No genre references to speak of, though Harvy (now just a shadow of his former self with no chip to rely on) quotes the bible and John counters with Shakespeare.
Harvey: "Death is the only sensible course, John. For everything there is a season, a time to be born, and..."
John: "A time to die, yes, yes, yes. The Devil quotes scripture."
After a blazingly rich Geekwatch last time, Farscape gives us a bit of a dry spell, at least as far as geek references go. S02E16, The Locket tells the tale of Aeryn and John growing old together due to a time anomaly. No geek or pop culture references of note. On the plus side, hey, Stark is back! S02E17, The Ugly Truth, likewise features no references of note. It does borrow its structure from the classic Rashomon, as each crew member recounts a disastrous meeting between Crais, Talyn, and some arms dealers. Oh, and Stark buys it! Easy come, easy go.

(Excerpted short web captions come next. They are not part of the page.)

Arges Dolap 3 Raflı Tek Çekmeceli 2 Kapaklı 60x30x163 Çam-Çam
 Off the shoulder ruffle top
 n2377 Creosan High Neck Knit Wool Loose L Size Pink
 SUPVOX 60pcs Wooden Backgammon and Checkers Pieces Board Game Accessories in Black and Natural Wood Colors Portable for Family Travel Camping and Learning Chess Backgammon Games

S02E18, A Clockwork Nebari (the title, of course, a reference to the Kubrick's amazing sci-fi dystopian tale A Clockwork Orange) features a bit. The geekiest reference is Crichton asking if his captor's actions violate "the Nebari Prime Directive," which can only be read as a Star Trek reference. Also notable is the fact that John has named his pulse pistol Winona. Not sure what that's a reference to, possibly Winona Ryder (great actress, staring in such genre films as Beetlejuice and Alien Resurrection) or Wynonna Judd, singer. Other pop culture references include Blondie (not only is the villain called "Debroah Harry", but Crichton says she's gonna "getcha-getcha-getcha,") the $100,000 pyramid, Jim Belushi ("you're gonna Belushi out" he tells Rygel") and a pastish of western refereneces, ("I'm bringing Miss Kitty back from the O.K. Corral. Any word on Aeryn or Doc Rygel?") Oh, and isn't the Nebari method of drug induction, by a patch on the optic nerve, creepy as hell?